垂直尾翼や水平尾翼エンジンノズルもここで組みます.
あっという間にトムキャットの形になりました.
ただ,操縦席と胴体の繋ぎ目は結構目立ちます.
胴体裏側
胴体裏側のパーツを組んでいくのですが,かなり細かいパーツが増えてきます.
また,ミサイル支柱のダボ穴が塗装で狭くなっており,ダボがはまらずとても組みにくいです.と言うより組めません.

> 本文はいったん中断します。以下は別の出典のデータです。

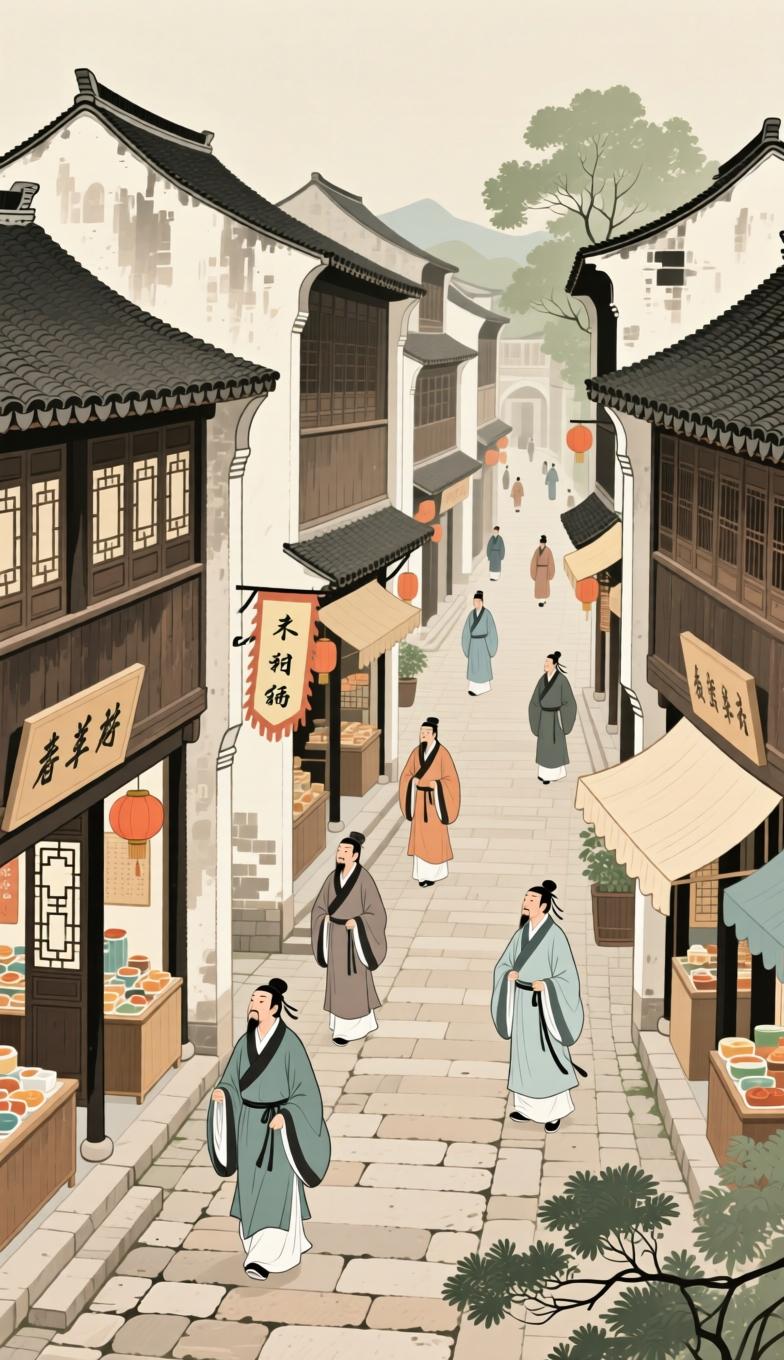 晚明的江南城市，商贸兴盛，市井热闹。商铺鳞次栉比，游船往来不绝，一派繁华景象。不
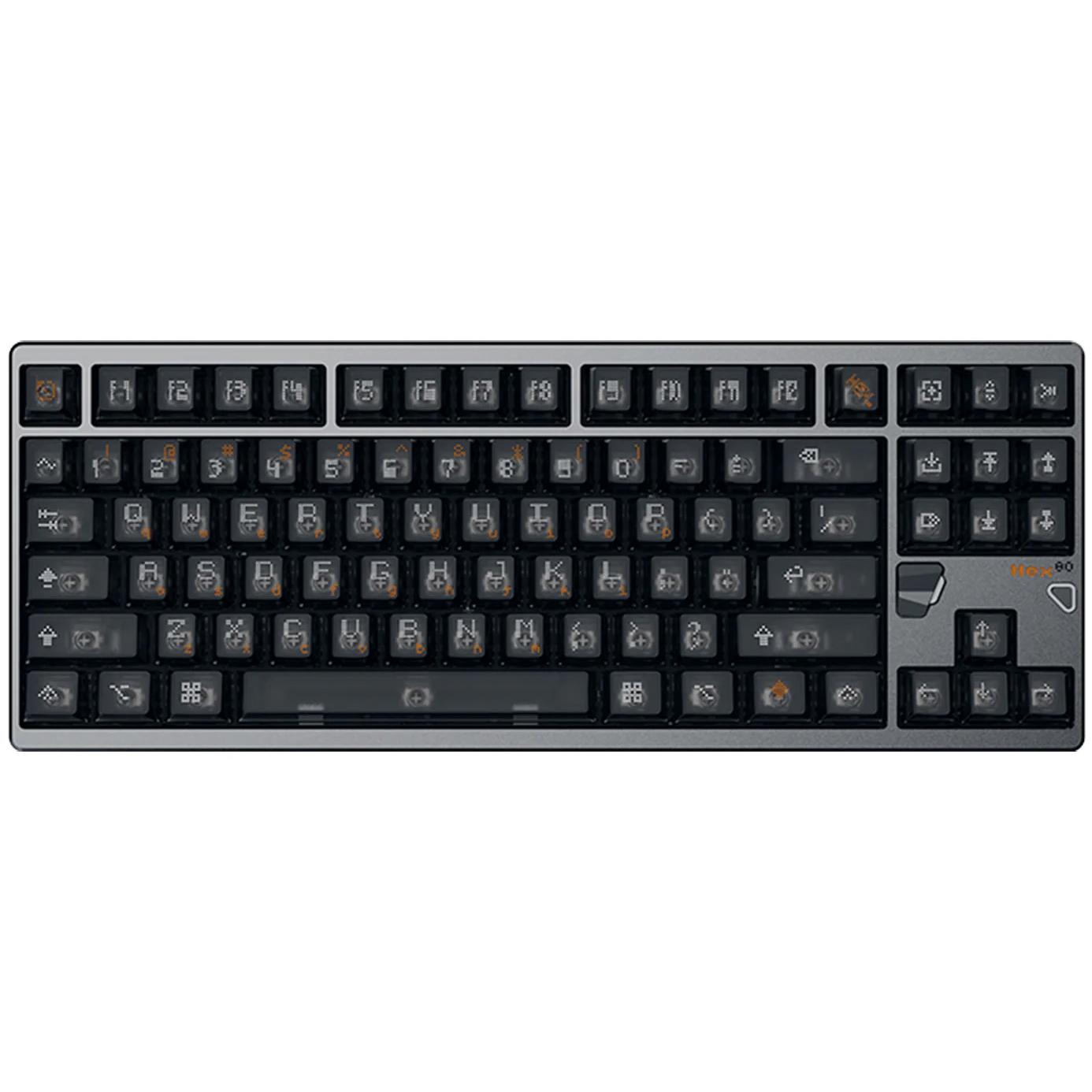 A large main feature product image of Qwertykeys QK & ATK HEX80 8K HE Wired Magnetic Custom Keyboard - Anodized Gray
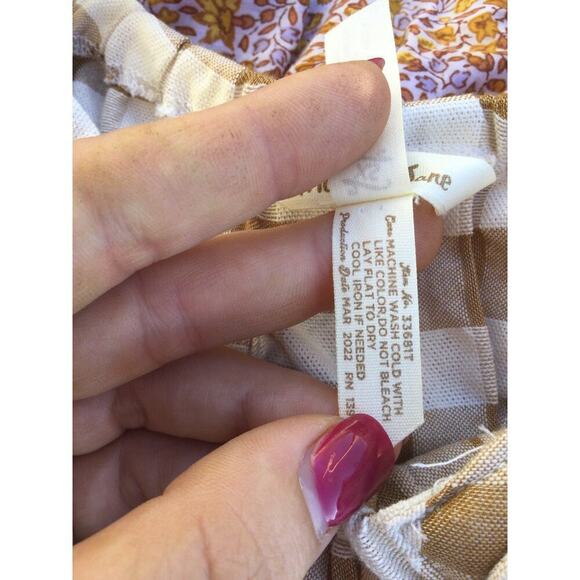 Matilda Jane Womens Peasant Top Size XS Plaid Tan Gingham Fall Preppy Blouse - Picture 13 of 13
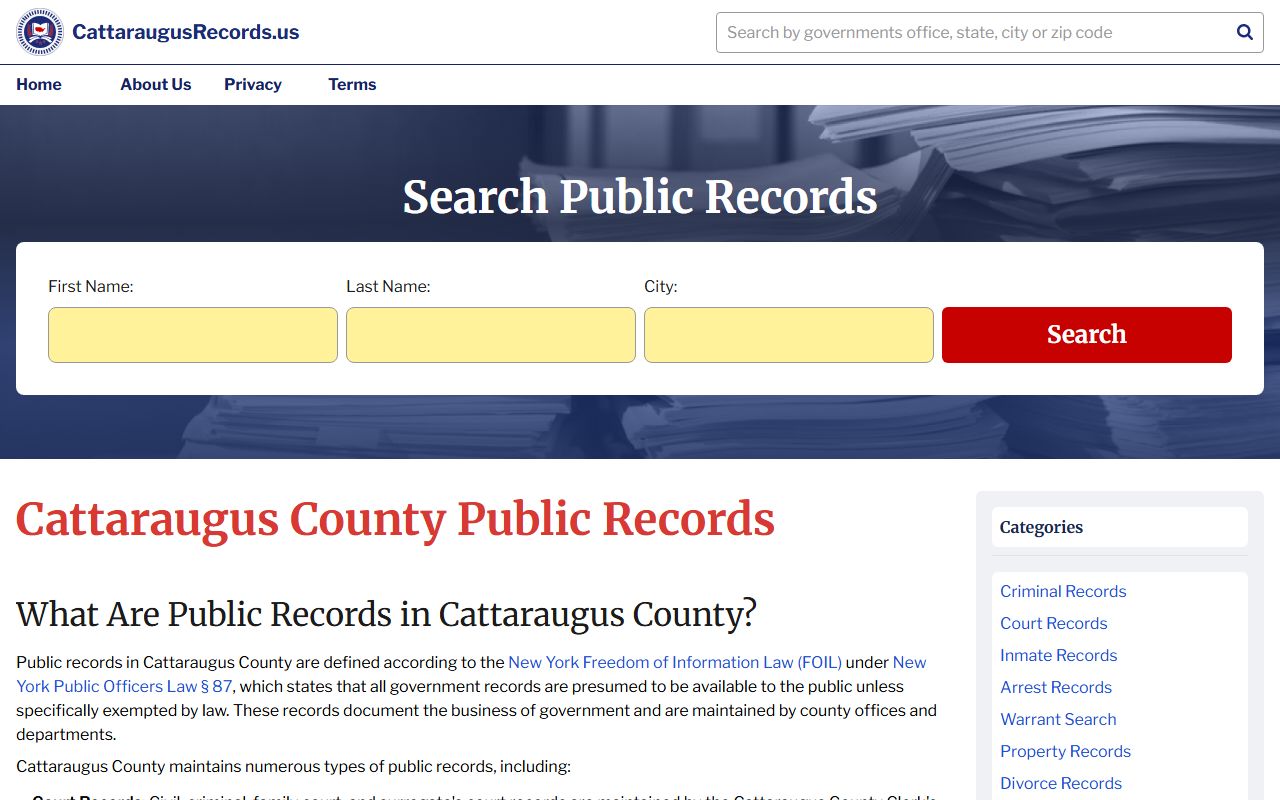 Cattaraugus County death records public records information page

追加工が必要なので初心者の方や工具がない方にとっては不親切な部分です.
ダボ穴を広げるのは面倒なので,ダボを全て切断してから接着することをオススメします.
苦戦しつつもなんとか組みました.
ミサイル支柱の組立が間違いなく鬼門となります.
組みやすくなるはずのダボとダボ穴も,組めなければ意味がありません.
塗装による厚み増加を考慮してダボとダボ穴のクリアランスを設計して欲しいところですが,塗料の厚みがバラつくのでそれも難しそうです…
主脚と前脚
次の鬼門となるのがこの主脚と前脚パーツです.
また,ピンセットがないとほぼ組めないと言っても過言ではないでしょう.
指で作業するとパーツを破損する可能性が高まります.
組み終わるとこんな感じです.
脚カバーはスムーズに組めましたが,前脚と主脚の支柱が胴体のダボ穴にハマりません.
力を入れたところ予想通り前脚の支柱を折りました・・・
筆者と同じ状況の方にオススメの組立方法は以下の通り.
- 支柱のダボを短く切断し,あくまでもダボは位置決め用と割り切る
- 短く切断したダボを胴体のダボ穴に合わせる
- 接着剤を流し込んでしっかり接着
この方法が確実だと思います.
トムキャットの組立はここで完了です!
デカール
仕上げに水転写デカールを貼っていきます.
今回製作したキットはデカールは2種類あり,どちらかを選択します.
第2次世界大戦の航空機と比べ少しデカールは多めですが,細部まで再現してあり完成度UPです.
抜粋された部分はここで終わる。